А вот цветовой контраст нередко оказывается утрачен. Как, например, в 7 строфе перевода С.А. Андреевского:
С тревогой штору поднял я -И, звучно крыльями шумя, Огромный ворон пролетел Спокойно, медленно - и сел Без церемоний, без затей, Над дверью комнаты моей. На бюст Паллады взгромоздясь, На нем удобно поместясь, Серьезен, холоден, угрюм, Как будто полон важных дум, Как будто прислан от кого, -Он сел - и больше ничего [6, с. 17].
Цвет бюста - белый - называется лишь в 9 строфе («На белом бюсте, в вышине»), прямого указания на цвет ворона нет вовсе - он просто «мрачный».
В.Е. Жаботинский, напротив, сохраняет оба цветовых эпитета Эдгара По, даже помещает их рядом друг с другом, чем усиливает контраст:
Над дверьми, на бюсте белом, словно призрак древних пор, Сел бы важный, мрачный, хмурый, черный Ворон древних пор [9].
Это повторяется и в заключительной строфе:
И сидит, сидит с тех пор он, неподвижный черный Ворон, Над дверьми, на белом бюсте, - так сидит он до сих пор [9].
В.П. Бетаки упоминает черный цвет ворона, но пренебрегает белым цветом бюста:
Перья черные взъероша и выпячивая грудь... В перья черные разряжен, так он мрачен был и важен! [6, с. 100].
В переводе Н.М. Голя, как и у М.Е. Зенкевича, оперение ворона уподоблено траурному одеянию («в черно-траурной одежде»). Голь не просто передает контраст («Черный, сел, вонзая когти в мрамор, в белое чело»), но и усиливает его противопоставлением связанных с обоими цветами начал: черного (темного) как хтони-ческого, адского и белого (светлого) - небесного:
И спросил я: «Где мечтанья, расцветавшие светло?» [6, с. 112].
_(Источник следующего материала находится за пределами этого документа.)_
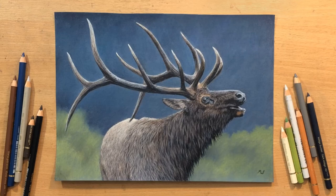Hello and welcome to my channel. In this video I'm going to draw an elk using coloured pencils on sandpaper. Please don't forget to subscribe, give me a like, comment, check out my other videos, stick around. There's worse things on YouTube. Now let's get on with the drawing process.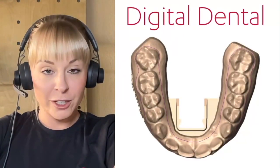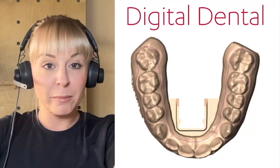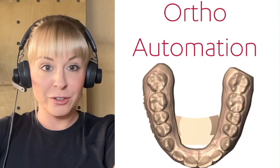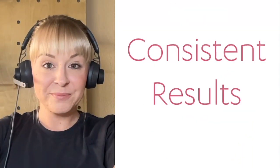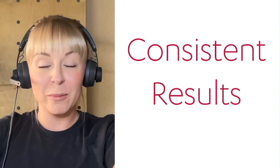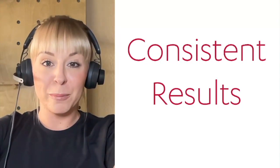We offer two different fixtures today that work with two different milling machines: the Digital Dental Fixture and the Ortho Automation Fixture. You're going to get the same consistent results that you get with all of your 3Shape Automate products, now available for your models and trim lines.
Мнилось: скрытое кадило серафимы белокрыло Раскачали так, что было все от ладана бело. «Отвечай: узрю ли скоро образ умершей Леноры? Может, там, в Эдеме, взору он откроется светло, В звуках ангельского хора он придет ко мне светло?» ...
В Аид спускайся, в вечно черное жерло!.. [6, с. 113].
В черной тени мрачной птицы, черной, как ее крыло; И душе из тени - черной, как простертое крыло... [6, с. 114].
130
Момент появления ворона и финал поэмы таким образом оказываются «закольцованы».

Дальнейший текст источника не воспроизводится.